The Man in the High Castle - Philip K. Dick Just started reading this so I'm not sure yet what I think about it. I got it because Ursula K. Le Guin said at one point that it was the best science fiction novel ever, or something like that. So far it's done one cool thing which is show me my American privilege, that I'm not usually very aware of. Everyone in the world wants to learn to speak English. Nobody looks askance at me because I'm in too nice a neighborhood for my ethnicity. And I don't feel like a stranger or outsider in my own country. The racism and anti-semitism of this society are much worse than us here now, but part of it is that what there is doesn't happen to people of my ethnicity and skin color.

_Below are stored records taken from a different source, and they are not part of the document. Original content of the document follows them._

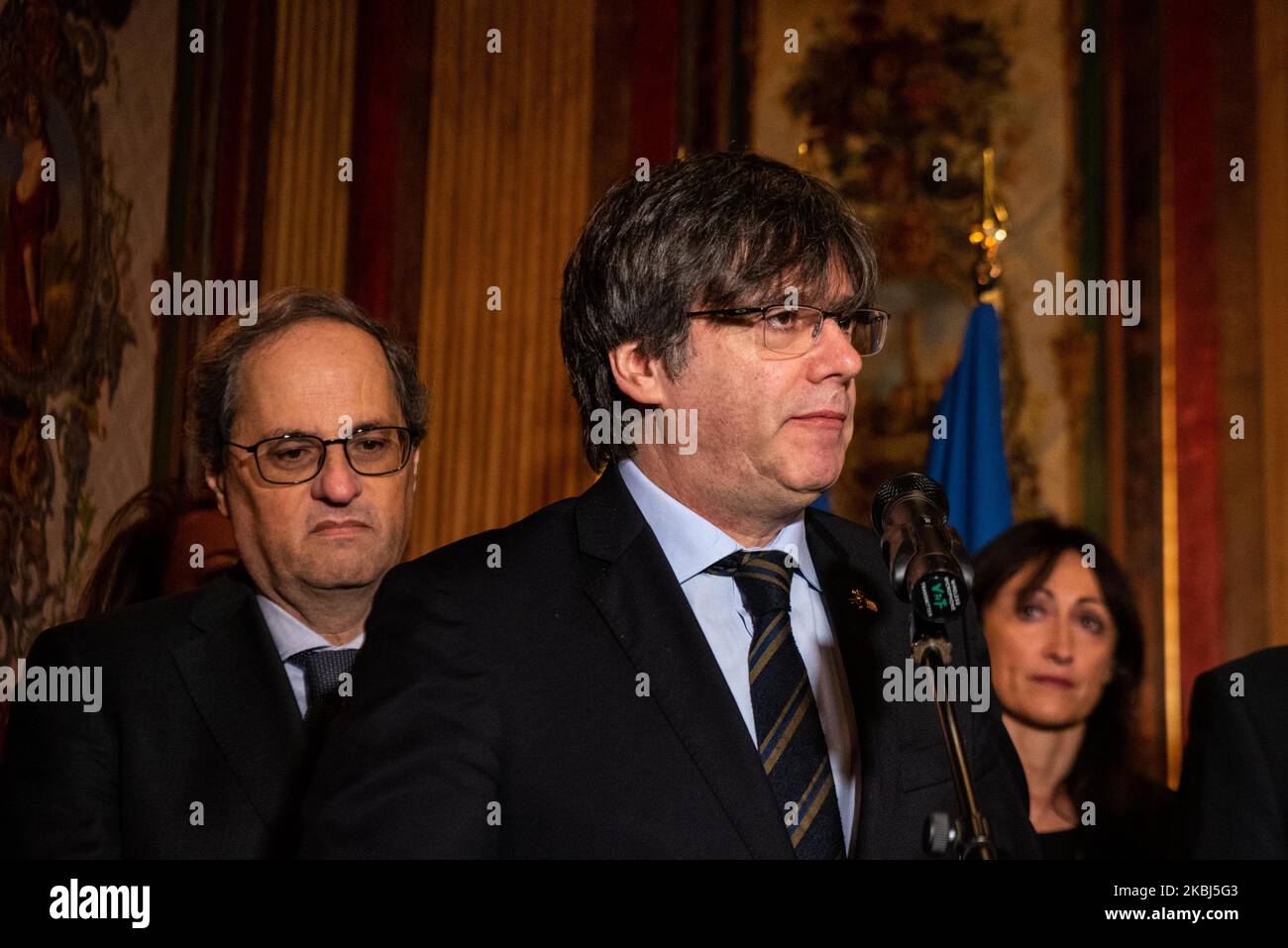 Il deputato europeo e l'ex presidente catalano Carles Puigdemert (C), e il presidente regionale della Catalogna Quim Torra (L) hanno dato una conferenza stampa al municipio di Perpignan il 29 febbraio 2020. (Foto di Adria salido Zarco/NurPhoto) Foto Stock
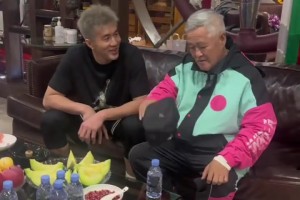 赵本山接待追梦郭艾伦作陪 网友：赵老师和大伦子怎么一个发色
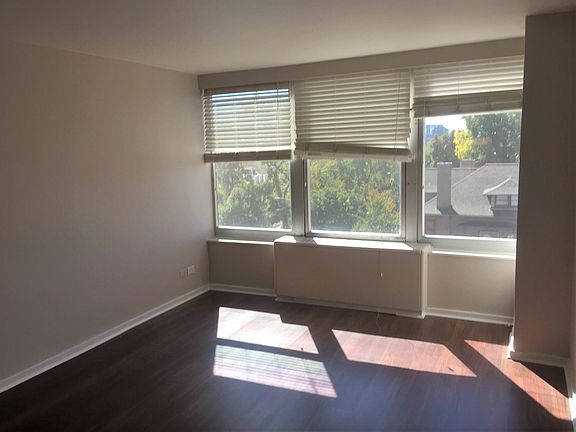 5th image of 789 N Clarkson St APT 506
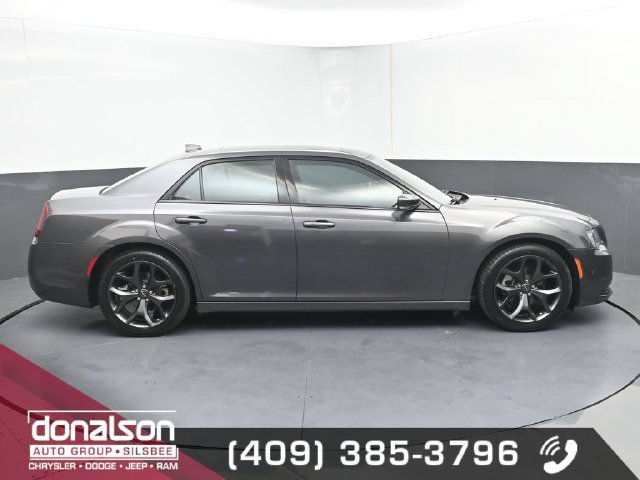 Used 2023 Chrysler 300 S RWD image 2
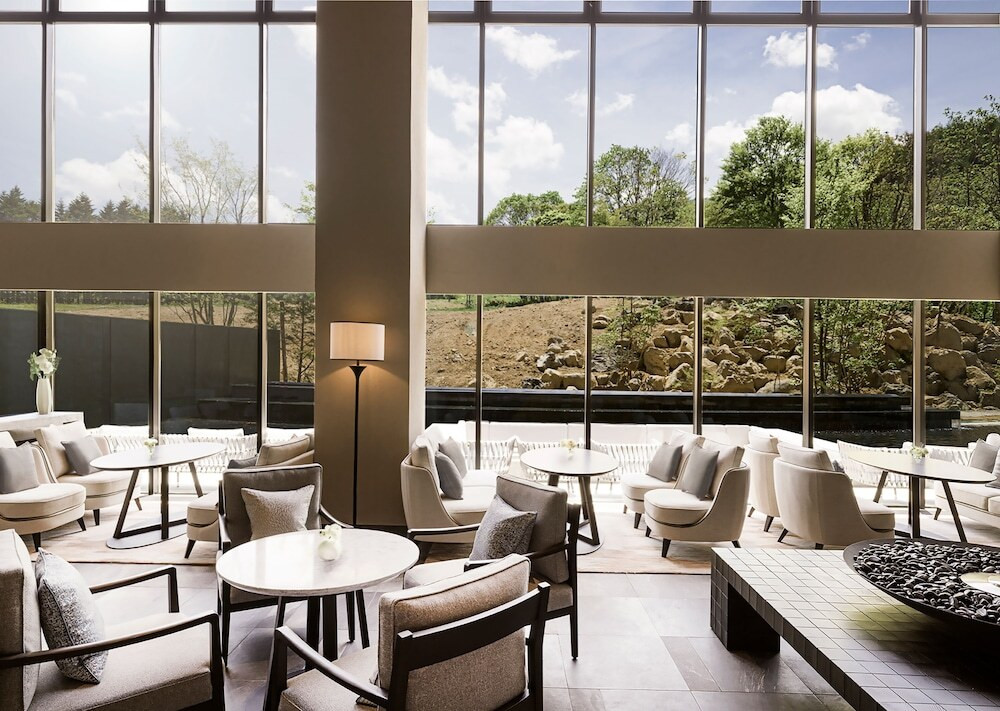 ロビーラウンジ②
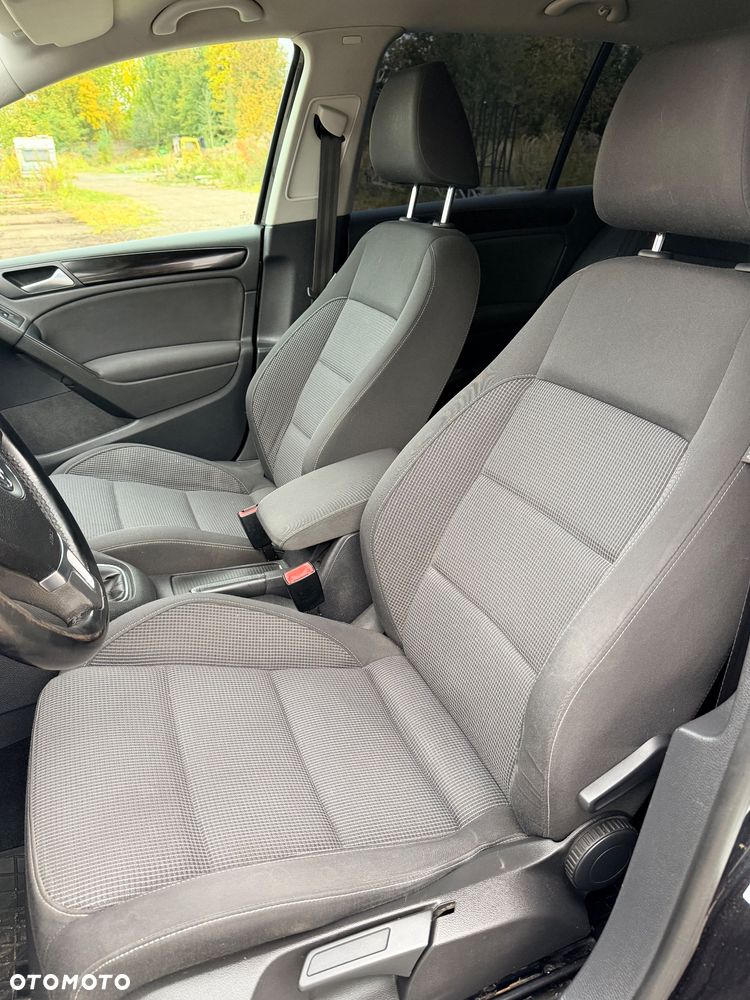 Volkswagen Golf - 6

That reversal is very interesting to explore. The sexism, though, seems completely unconscious, as is unsurprising for the early 60s. So that's doubly ironic. More to come later.

The novel dropped down behind my bed for a few days, but tonight I fished it out and finished it. I realized I didn't much like any of the characters or any of the action so far, when I faced my reluctance to get down and find it under the bed. The action became compelling shortly afterward, but I still found the ending very unsatisfying. Maybe in 1962 just the fact of an alternate history was sufficient to make it cool? Maybe knowing that he actually used the I Ching in writing the book makes it cool, in some 60s hippy way? Maybe the suggestion that truth is contingent, that history isn't fixed, was why people liked it so much? I mean, UKL loved it! I'm kind of appalled at that. Am I so dumb that I just don't get it? Or did that boat sail in 1965 or so and 47 years later it's just too dated to be good anymore? I'm not really sure.

In what sense was the book-within-the-book actually true inside the book (as the oracle declares at the end)? In what sense is the book actually true inside our world? The book-within-the-book that the oracle declares as truth is not equivalent to our world, not even back then when he wrote it. A number of major things are different, including Churchill still being in power and Hitler living to be tried as a war criminal. So why is it true? Is it just that reality, history is a matter of the imagination? I don't think I'll be seeking out and reading more PKD on the strength of this one. Please, people who loved it, feel free to explain why I'm wrong in the comments.